When Captain American turned heel

"Survivor," the penultimate episode. The last time the show did a two-hour finale with just the final three, it was way back in Australia, and even Mark Burnett seemed ashamed of the amount of padding. So I was surprised, when I looked at the schedule, to realize this would be happening again. And so what's their solution to make the finale less painful this time? End the previous episode with a lame cliffhanger! Woo-hoo! The resolution of the fire-starting challenge (which really needs to be replaced by something more, you know, interesting) should take up, what, five minutes of time on Sunday? Yeah, that'll make the rest of the two hours just sail on by!

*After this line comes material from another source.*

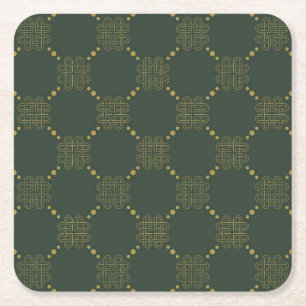 Celtic Knot Pattern Square Paper Coaster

And good lord, but I hope Cirie wins that challenge, because if she does, I think she's gonna win the whole shebang. She won't win the final challenge, whether it's the traditional endurance thing or something else (the previews made it look like Terry and Aras were climbing some kind of ramp), but Aras hates Terry too much to take him in front of the jury and vice versa, plus Terry would probably worry that Aras might draw some votes while dismissing Cirie. So she could really, really win. Leaf-phobics of the world, unite!

Meanwhile, whatever admiration I may have for Terry's athletic gifts, I'm completely done with him as a human being. Forget that he's awful at strategy, forget that he somehow failed to lead a team with a clear muscle and brainpower advantage to more than two immunity wins, forget that he has time after time misread the personalities of the people around him. I'm done with him because of last week's asshole-ish speech to Aras when he was explaining the divvying up of the family reward, because of his tantrum with Cirie (the easiest person on this show to get along with, by far) and because he was about the sorest loser I've ever seen at the end of that reward challenge. "Call the whambulence" is elementary school taunting, and it's exactly what Terry deserved after his pissing and moaning. You could tell even Jeff was tired of him when Terry kept demanding an explanation for why he lost, and you know how much Jeff loves his alpha male jocks.

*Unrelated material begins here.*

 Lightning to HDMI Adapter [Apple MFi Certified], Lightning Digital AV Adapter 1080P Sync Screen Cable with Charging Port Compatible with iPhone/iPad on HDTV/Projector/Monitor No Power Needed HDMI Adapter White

On the other hand, he did make one smart move in not giving Danielle the hidden idol. There was too much risk of her then selling him out to Aras and Cirie, and not remotely enough reward. Yes, Danielle might be more beatable than Cirie, but that margin's not big enough to risk finally getting voted out on the one night when he didn't have the necklace.

And with that, Terry went and ruined the whole hidden idol twist. If Burnett, Shelly and company want to try it again next time, they either have to hide more than one idol, or they need to impose a much tighter statute of limitations on the thing. Nice idea in theory, complete dud in practice.

What did everybody else think? And is anyone actually masochistic enough to watch the finale live? Even if I didn't have my Sunday "Sopranos" commitment, ain't no way I'm watching that thing without at least a 60-minute buffer to allow me to skip through all the non-essential Stations of the Cross garbage.